_DATA RECORDS_
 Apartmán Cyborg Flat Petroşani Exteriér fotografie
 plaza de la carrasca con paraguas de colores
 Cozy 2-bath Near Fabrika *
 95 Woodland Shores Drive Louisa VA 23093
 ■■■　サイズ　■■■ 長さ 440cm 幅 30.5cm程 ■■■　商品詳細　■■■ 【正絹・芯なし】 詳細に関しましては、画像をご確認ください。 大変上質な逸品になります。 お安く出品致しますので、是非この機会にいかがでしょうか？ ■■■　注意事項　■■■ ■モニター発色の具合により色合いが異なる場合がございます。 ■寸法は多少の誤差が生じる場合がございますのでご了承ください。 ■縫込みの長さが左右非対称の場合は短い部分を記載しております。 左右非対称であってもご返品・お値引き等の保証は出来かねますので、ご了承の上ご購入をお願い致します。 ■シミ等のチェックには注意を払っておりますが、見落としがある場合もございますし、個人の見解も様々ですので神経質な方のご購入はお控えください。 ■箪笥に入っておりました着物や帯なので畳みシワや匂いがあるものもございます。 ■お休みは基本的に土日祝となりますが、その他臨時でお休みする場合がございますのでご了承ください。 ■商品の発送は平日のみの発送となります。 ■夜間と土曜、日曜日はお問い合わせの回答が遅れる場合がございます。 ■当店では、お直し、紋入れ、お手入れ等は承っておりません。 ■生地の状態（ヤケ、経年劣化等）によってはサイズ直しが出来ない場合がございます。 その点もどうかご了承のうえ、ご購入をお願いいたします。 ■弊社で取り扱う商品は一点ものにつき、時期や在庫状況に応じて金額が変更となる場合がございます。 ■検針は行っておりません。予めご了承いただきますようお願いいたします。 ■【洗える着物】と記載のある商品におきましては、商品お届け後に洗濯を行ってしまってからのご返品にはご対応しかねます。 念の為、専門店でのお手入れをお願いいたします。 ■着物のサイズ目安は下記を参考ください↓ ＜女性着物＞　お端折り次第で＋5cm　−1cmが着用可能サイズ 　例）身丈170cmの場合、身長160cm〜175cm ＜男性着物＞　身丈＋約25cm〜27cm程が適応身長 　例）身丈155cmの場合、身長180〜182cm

==

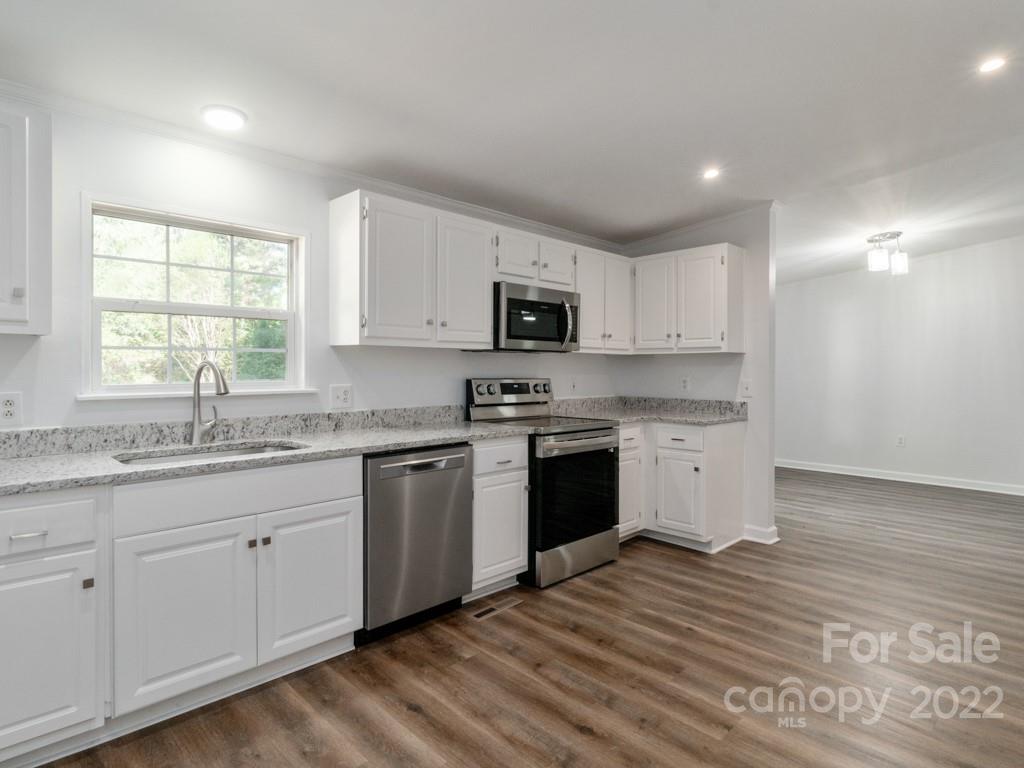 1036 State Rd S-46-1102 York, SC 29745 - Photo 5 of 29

_THE PROBLEM_
In the data above, find the line that contains "Apartmán Cyborg Flat" and the line that contains "440cm 幅 30.5cm程". Repeat exactly those lines and every line between them, and only those.

_ANSWER BOX_
 Apartmán Cyborg Flat Petroşani Exteriér fotografie
 plaza de la carrasca con paraguas de colores
 Cozy 2-bath Near Fabrika *
 95 Woodland Shores Drive Louisa VA 23093
 ■■■　サイズ　■■■ 長さ 440cm 幅 30.5cm程 ■■■　商品詳細　■■■ 【正絹・芯なし】 詳細に関しましては、画像をご確認ください。 大変上質な逸品になります。 お安く出品致しますので、是非この機会にいかがでしょうか？ ■■■　注意事項　■■■ ■モニター発色の具合により色合いが異なる場合がございます。 ■寸法は多少の誤差が生じる場合がございますのでご了承ください。 ■縫込みの長さが左右非対称の場合は短い部分を記載しております。 左右非対称であってもご返品・お値引き等の保証は出来かねますので、ご了承の上ご購入をお願い致します。 ■シミ等のチェックには注意を払っておりますが、見落としがある場合もございますし、個人の見解も様々ですので神経質な方のご購入はお控えください。 ■箪笥に入っておりました着物や帯なので畳みシワや匂いがあるものもございます。 ■お休みは基本的に土日祝となりますが、その他臨時でお休みする場合がございますのでご了承ください。 ■商品の発送は平日のみの発送となります。 ■夜間と土曜、日曜日はお問い合わせの回答が遅れる場合がございます。 ■当店では、お直し、紋入れ、お手入れ等は承っておりません。 ■生地の状態（ヤケ、経年劣化等）によってはサイズ直しが出来ない場合がございます。 その点もどうかご了承のうえ、ご購入をお願いいたします。 ■弊社で取り扱う商品は一点ものにつき、時期や在庫状況に応じて金額が変更となる場合がございます。 ■検針は行っておりません。予めご了承いただきますようお願いいたします。 ■【洗える着物】と記載のある商品におきましては、商品お届け後に洗濯を行ってしまってからのご返品にはご対応しかねます。 念の為、専門店でのお手入れをお願いいたします。 ■着物のサイズ目安は下記を参考ください↓ ＜女性着物＞　お端折り次第で＋5cm　−1cmが着用可能サイズ 　例）身丈170cmの場合、身長160cm〜175cm ＜男性着物＞　身丈＋約25cm〜27cm程が適応身長 　例）身丈155cmの場合、身長180〜182cm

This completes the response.